=== REQUIRED WORK ===
Among the entries below, only the lines from the one with "princípios de química" through the one with "Types of Fuses" are wanted, reproduced exactly. Pictures are not wanted.

=== EXERCISE MATERIAL ===
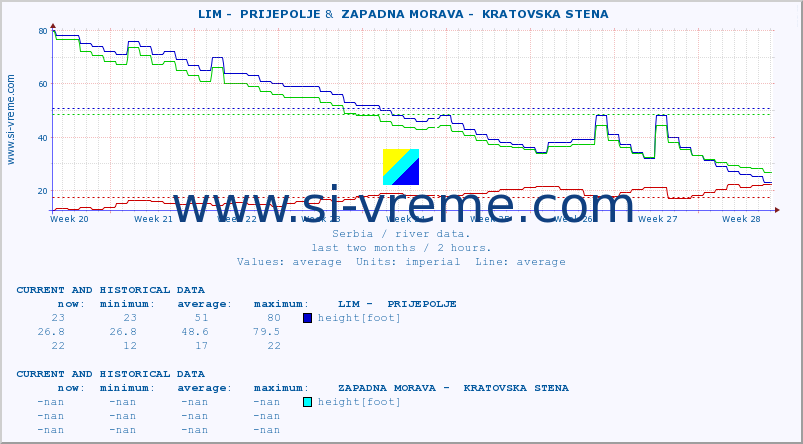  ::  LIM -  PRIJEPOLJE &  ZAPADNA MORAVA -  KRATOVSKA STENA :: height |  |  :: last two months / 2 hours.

---

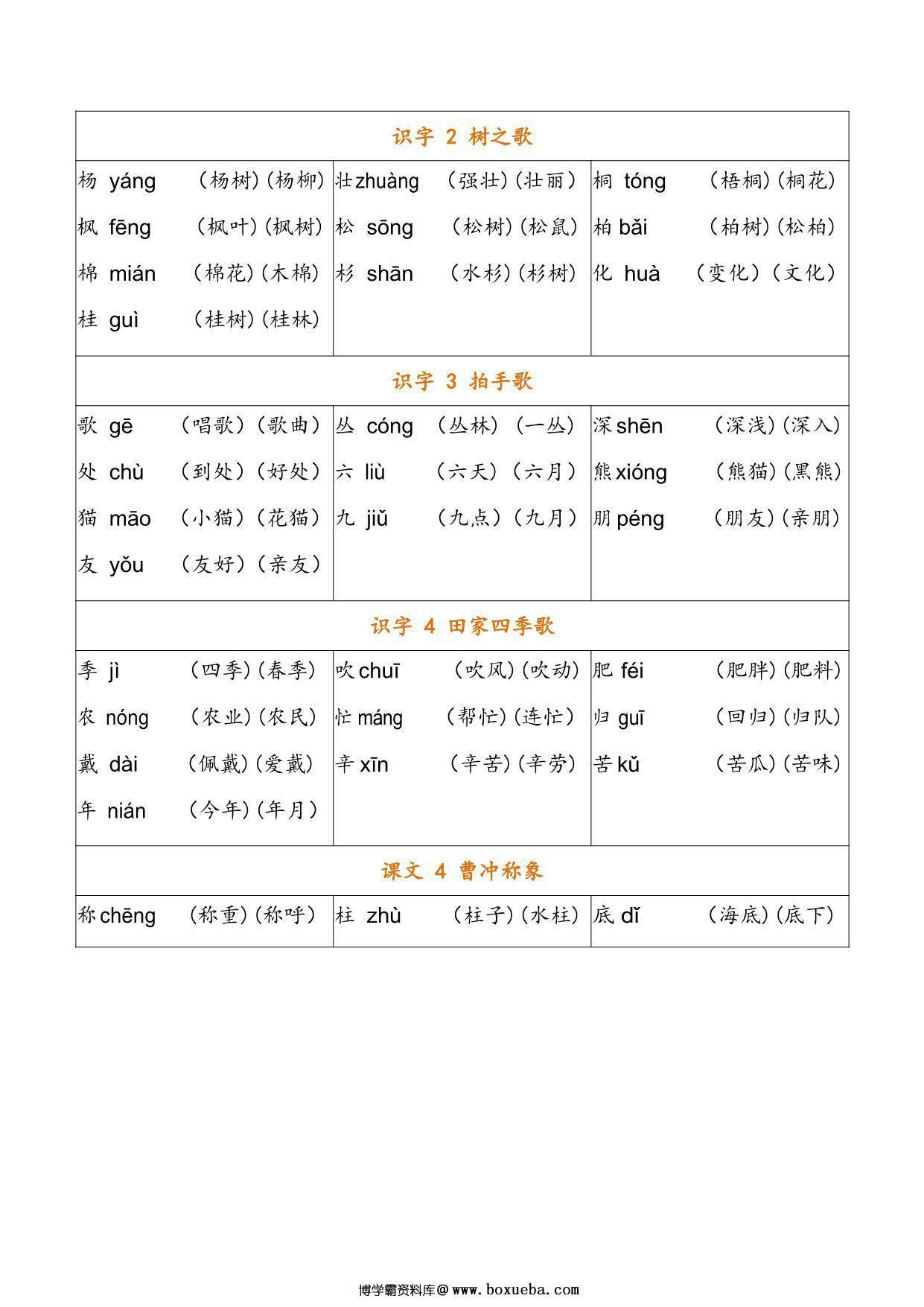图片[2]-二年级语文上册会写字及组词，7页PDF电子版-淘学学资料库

* * *

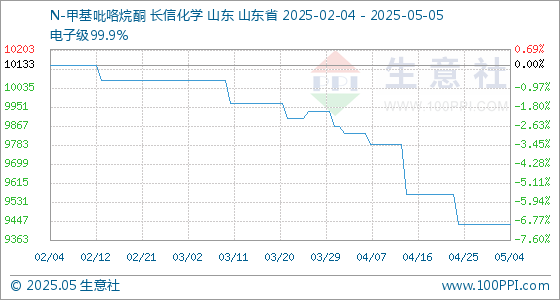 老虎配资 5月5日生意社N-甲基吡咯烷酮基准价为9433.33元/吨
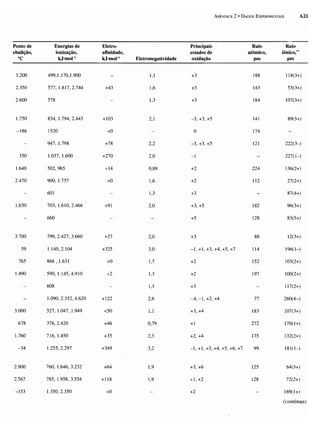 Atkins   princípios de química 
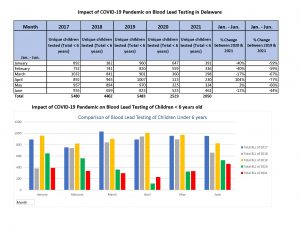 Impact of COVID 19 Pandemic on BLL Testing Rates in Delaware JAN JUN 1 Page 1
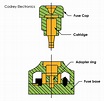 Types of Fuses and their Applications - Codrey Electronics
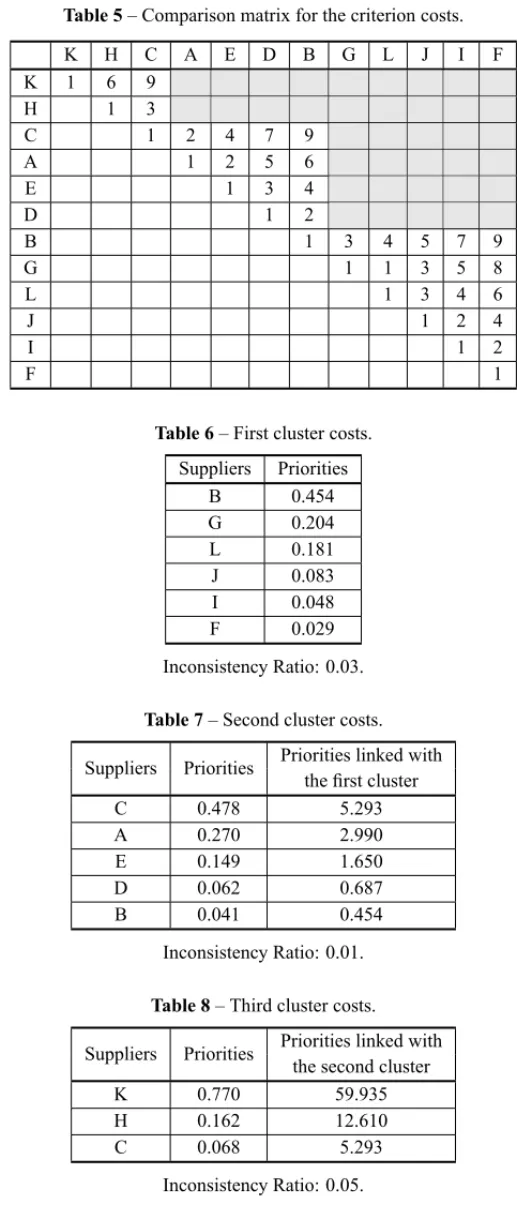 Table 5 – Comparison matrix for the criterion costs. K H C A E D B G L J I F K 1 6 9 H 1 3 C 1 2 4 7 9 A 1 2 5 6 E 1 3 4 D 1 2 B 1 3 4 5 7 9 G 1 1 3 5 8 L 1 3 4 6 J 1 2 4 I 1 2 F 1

=== SOLUTION FOR THIS PROBLEM ===
 Atkins   princípios de química 
 Impact of COVID 19 Pandemic on BLL Testing Rates in Delaware JAN JUN 1 Page 1
 Types of Fuses and their Applications - Codrey Electronics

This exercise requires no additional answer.